[PROVIDED ENTRIES]
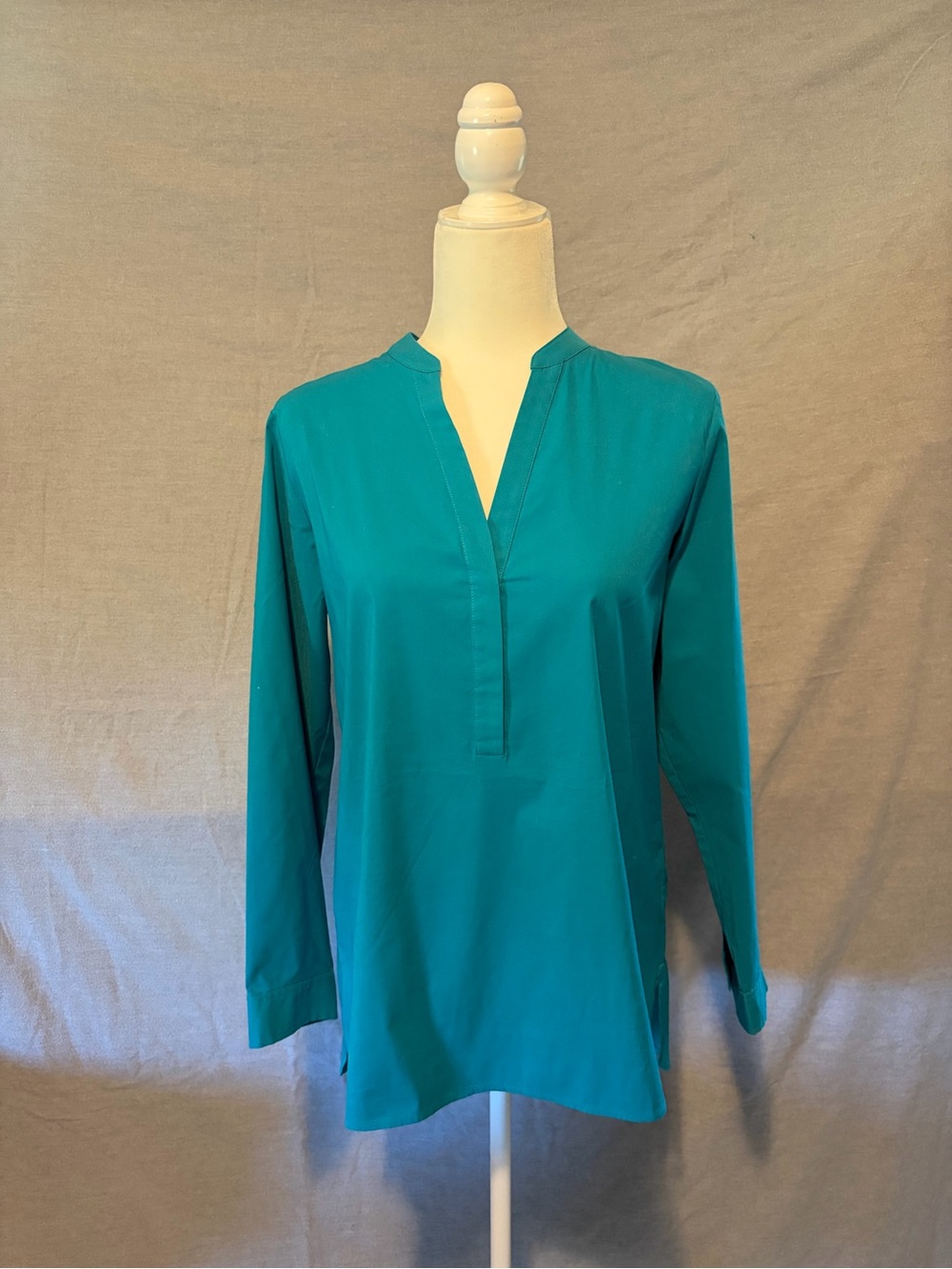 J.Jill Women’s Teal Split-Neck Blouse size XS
* * *
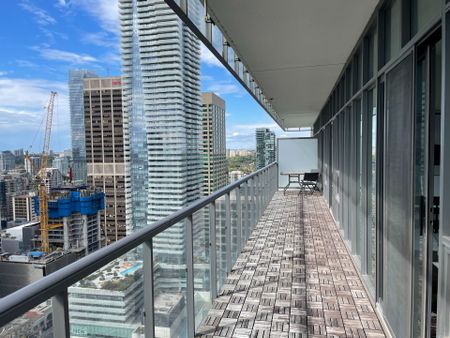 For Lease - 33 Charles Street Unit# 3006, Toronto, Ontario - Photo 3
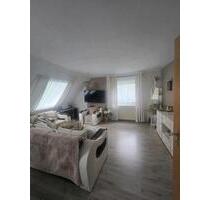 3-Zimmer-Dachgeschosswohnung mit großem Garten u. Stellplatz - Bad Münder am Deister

[WHAT THE EXERCISE ASKS]
What you need to produce is an exact copy of the entries above, limited to the lines from the one with "For Lease - 33" up to and including the one with "3-Zimmer-Dachgeschosswohnung mit großem", without pictures.

[SOLUTION TO THE PROBLEM]
 For Lease - 33 Charles Street Unit# 3006, Toronto, Ontario - Photo 3
 3-Zimmer-Dachgeschosswohnung mit großem Garten u. Stellplatz - Bad Münder am Deister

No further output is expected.